### GIVEN MATERIAL
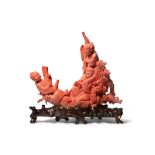 A LARGE CHINESE CORAL 'BOYS' GROUP LATE QING DYNASTY/REPUBLIC PERIOD Carved with three playful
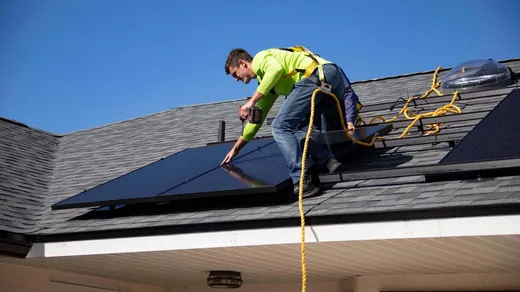 Techniker verschraubt die Unterkonstruktion einer Solaranlage auf dem Dach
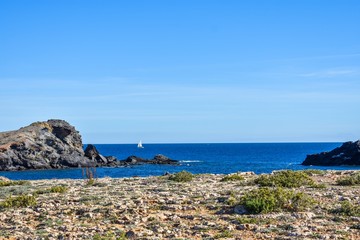 The dry semi-desert of southern Spain meets the blue water of the mediterranean with rocks rising above the water and a small sailboat sailing, along the coast.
######
WORK REQUEST →
Give back the data exactly, with no images.

RESPONSE →
 A LARGE CHINESE CORAL 'BOYS' GROUP LATE QING DYNASTY/REPUBLIC PERIOD Carved with three playful
 Techniker verschraubt die Unterkonstruktion einer Solaranlage auf dem Dach
 The dry semi-desert of southern Spain meets the blue water of the mediterranean with rocks rising above the water and a small sailboat sailing, along the coast.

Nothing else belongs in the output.